▸ **WHAT THE EXERCISE ASKS**:
For this exercise, output the entries below exactly from the line that holds "Used 2022 Kia Carnival SX FWD image 12" to the line that holds "Balkonik w miedzianym", both ends included. No pictures belong in the copy.

▸ **RECORDS TO PROCESS**:
----------

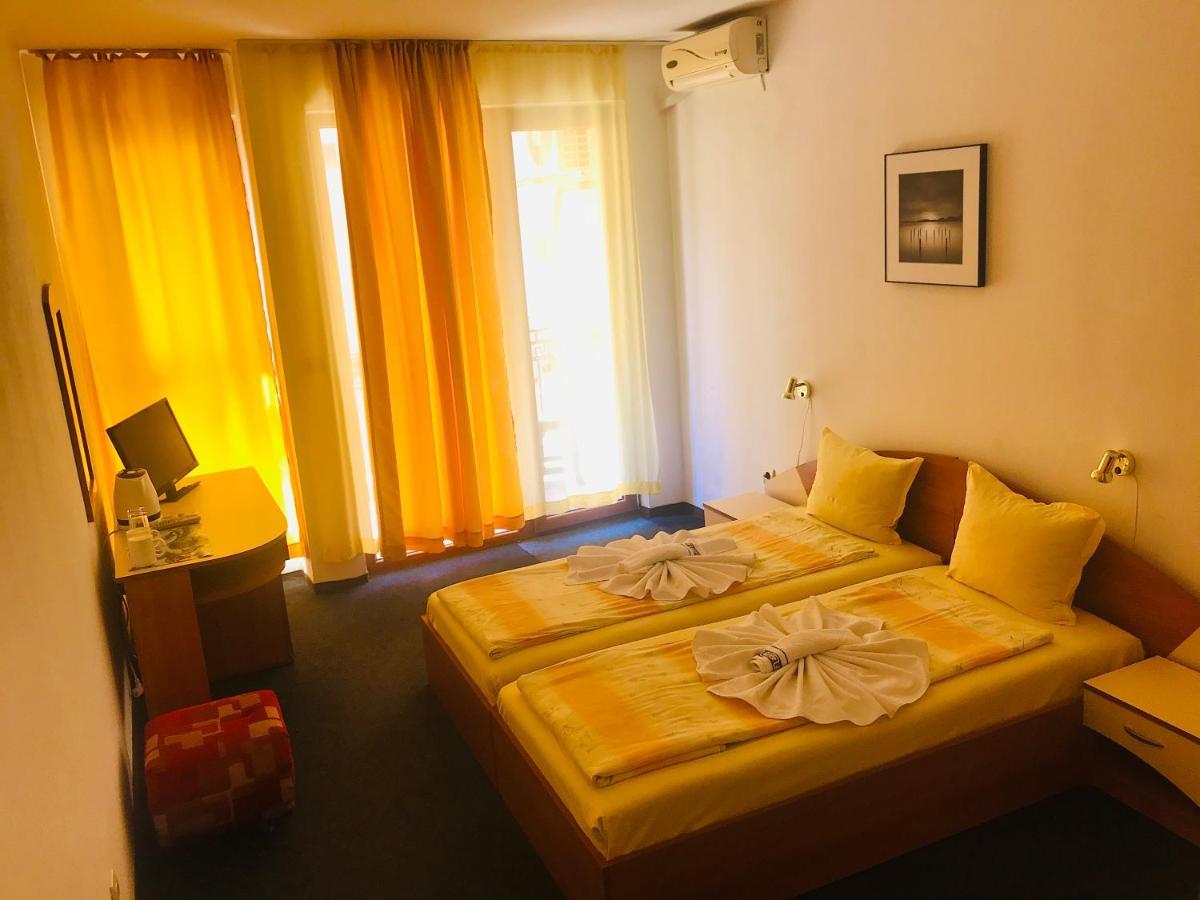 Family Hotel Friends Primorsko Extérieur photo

----------

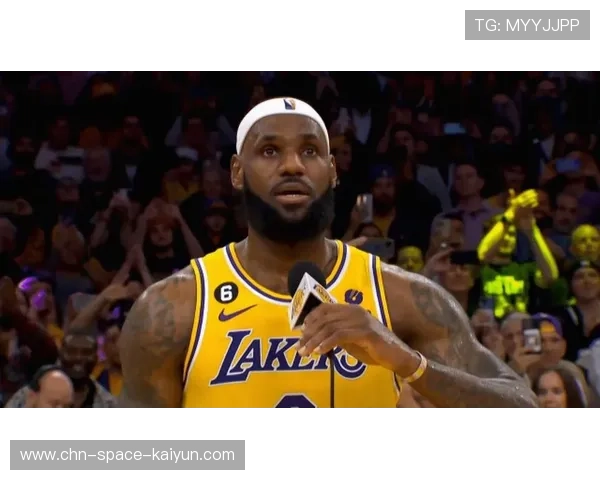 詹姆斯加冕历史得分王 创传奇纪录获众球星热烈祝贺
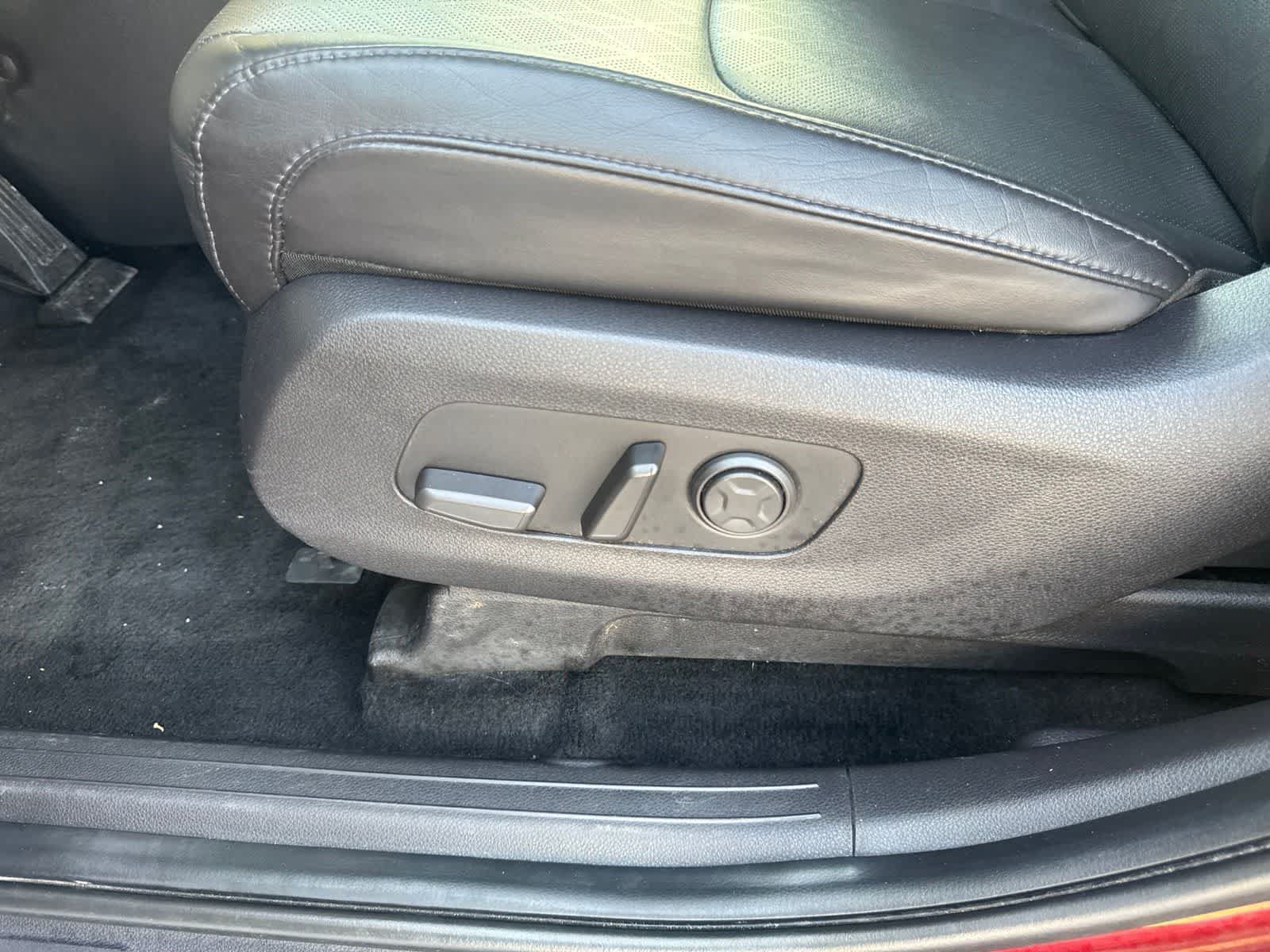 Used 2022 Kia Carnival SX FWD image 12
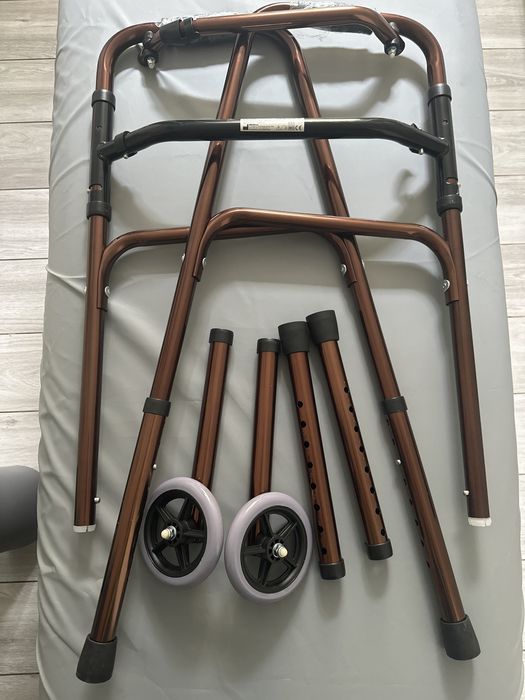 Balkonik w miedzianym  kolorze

----------

▸ **TASK ANSWER**:
 Used 2022 Kia Carnival SX FWD image 12
 Balkonik w miedzianym  kolorze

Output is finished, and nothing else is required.